ANALYSIS: Why Erdogan made U-turn in support of China against Uighur Muslims?


Analysts said that China aims to build an alliance with a country that is at odds with the United States to gain more global political influence in the future.

China plans to provide some financial aid to Turkey, including the purchase of some yuan-denominated bonds, the South China Morning Post reported. The Chinese newspaper quoted Chinese analysts as saying that Beijing’s response to Ankara’s moves to connect with “new friends” in an attempt to collapse the Turkish lira came from a political rather than an economic point of view.

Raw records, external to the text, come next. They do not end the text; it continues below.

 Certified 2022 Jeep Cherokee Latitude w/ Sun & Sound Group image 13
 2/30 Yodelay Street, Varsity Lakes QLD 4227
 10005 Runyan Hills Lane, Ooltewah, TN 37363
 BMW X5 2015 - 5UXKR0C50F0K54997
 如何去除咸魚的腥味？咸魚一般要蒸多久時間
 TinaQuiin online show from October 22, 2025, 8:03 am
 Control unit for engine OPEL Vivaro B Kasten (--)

Analysts pointed to the official Chinese news agency reporting the sudden change of tone of Turkish President Recep Tayyip Erdogan on the repression in the territory of Xinjiang, and told his Chinese counterpart Xi Jinping, that Muslim minorities “Uighurs” live happily in Xinjiang, a position described by some observers that he turned 180 degrees from the last statements of the Turkish Foreign Ministry which described the treatment of Turkish-speaking Uighurs as “a great shame on humanity”.

But Beijing cannot provoke Washington

But Beijing is set to carefully consider its options in helping Turkey and will not offer a large bailout package because of the risk of wider support, which will further provoke the United States.

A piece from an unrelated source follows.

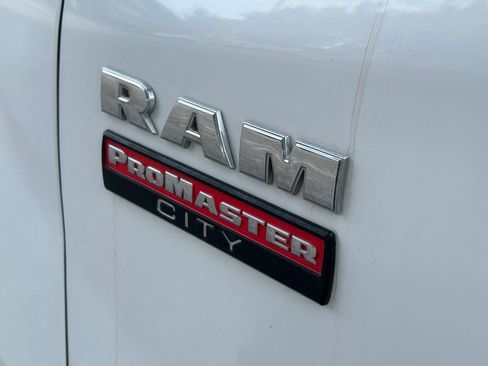 Used 2017 RAM ProMaster City Tradesman w/ Rear Back-up Camera Group FWD image 17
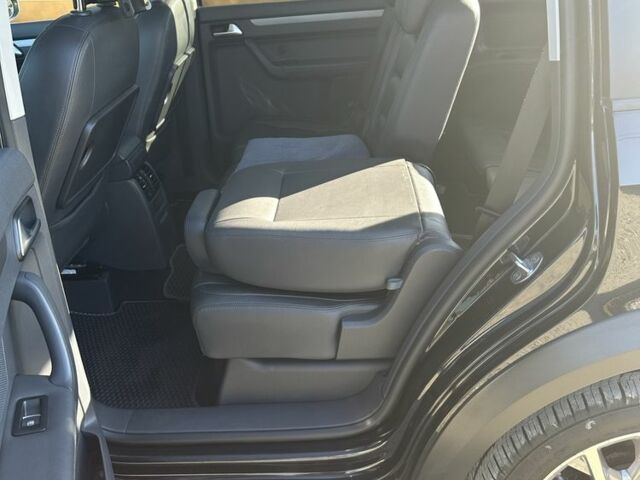 Черный Фольксваген Туран, объемом двигателя 2 л и пробегом 276 тыс. км за 14500 $, фото 17 на Automoto.ua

Tensions between US and Turkey led to the loss of the Turkish currency nearly 20% of its value against the US dollar last year, and continued to decline since the beginning of this year.

Lira threats, the stock market and the economy have raised serious concerns for Erdogan and his government, prompting them to seek new economic friends from traditional US adversaries.

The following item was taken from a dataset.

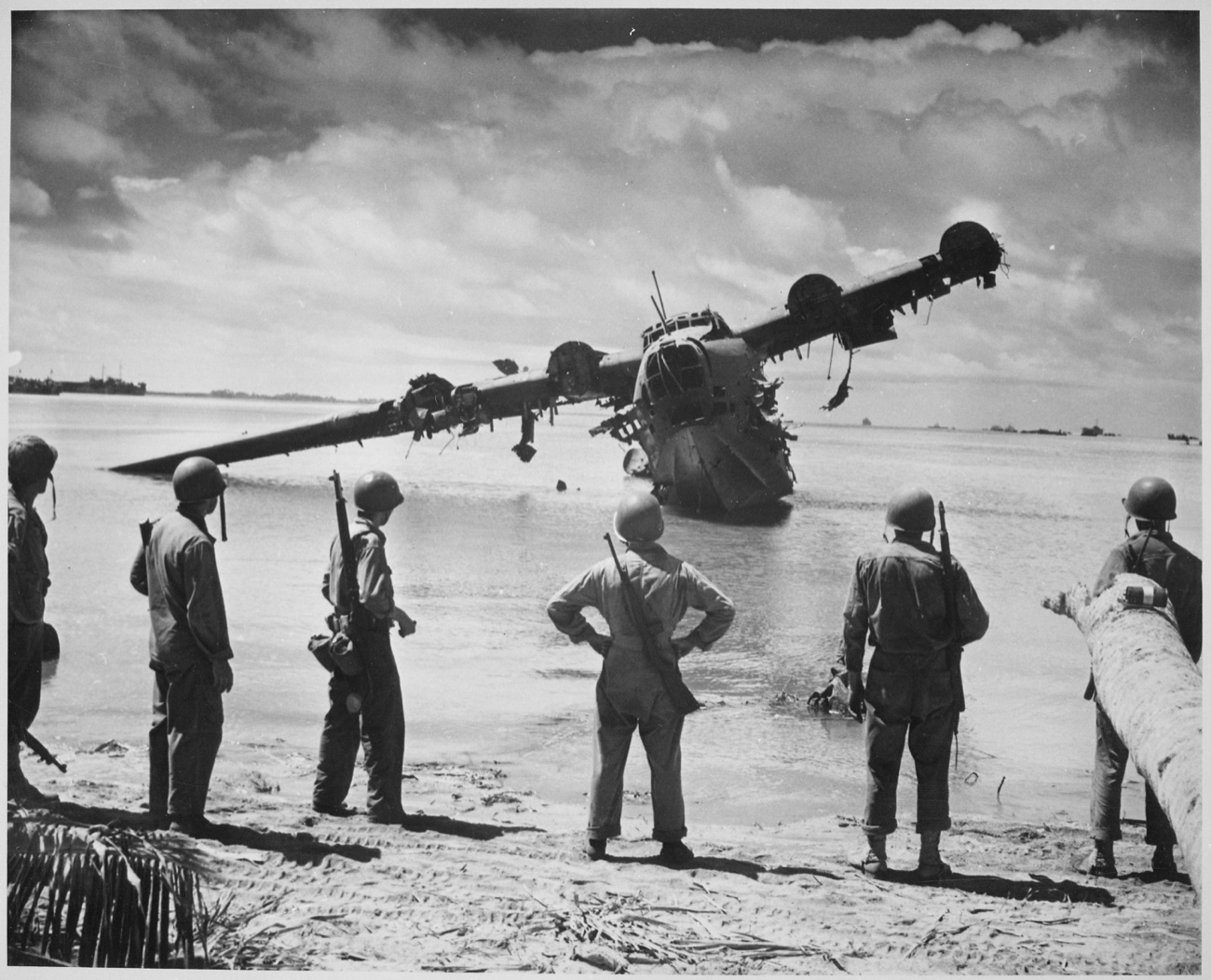 ラグーンに傾いた日本軍の飛行艇を見る米兵（1943年）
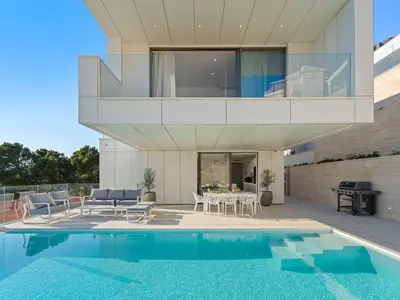 Brandneues Privateigentum, sehr geräumige, moderne und lichtdurchflutete High-End-Villa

Aidan Yao, a senior economic analyst specializing in emerging markets in Asia, said the opportunity for the Chinese government to extend aid to Turkey was large but would be based on political rather than economic considerations given the risks associated with such a move.

“As with any loan or bond issue, there is always the possibility of default, and this risk will be particularly high when a country is in the middle of a storm,” Yao said.

Urgent concessions

“Turkey remains committed to the one-China policy,” Erdogan was quoted as saying by Xinhua News Agency, stressing that “the fact that ethnic residents live happily in the Xinjiang Autonomous Region because of China’s prosperity is a fixed fact.

Turkey will not allow anyone to tamper its relations with China, said Erdogan. However, Erdogan expressed his willingness to enhance mutual political trust and security cooperation with China to counter extremism, the agency said.

Erdogan warned all those seeking to “exploit” the Xinjiang issue to create tensions with China, reported the Chinese agency. But it is likely that Beijing will not only make these remarks in return for some assistance to Turkey, but will also seek to benefit in the long run.

Analysts said that China aims to build an alliance with a country that is at odds with the United States to gain more global political influence in the future.

Young Friends

Sun Shinn, a lecturer in Chinese and East Asian business at King’s College London, said that Beijing’s assistance to Ankara was part of “unifying the ranks of some younger brethren” in the face of US trade threats. However, any help from China would be a political gesture rather than a major support for the Turkish lira.

The Turkish lira remains fragile due to lack of market confidence in Erdogan’s government’s willingness to take measures to support the Turkish currency, Shinn said.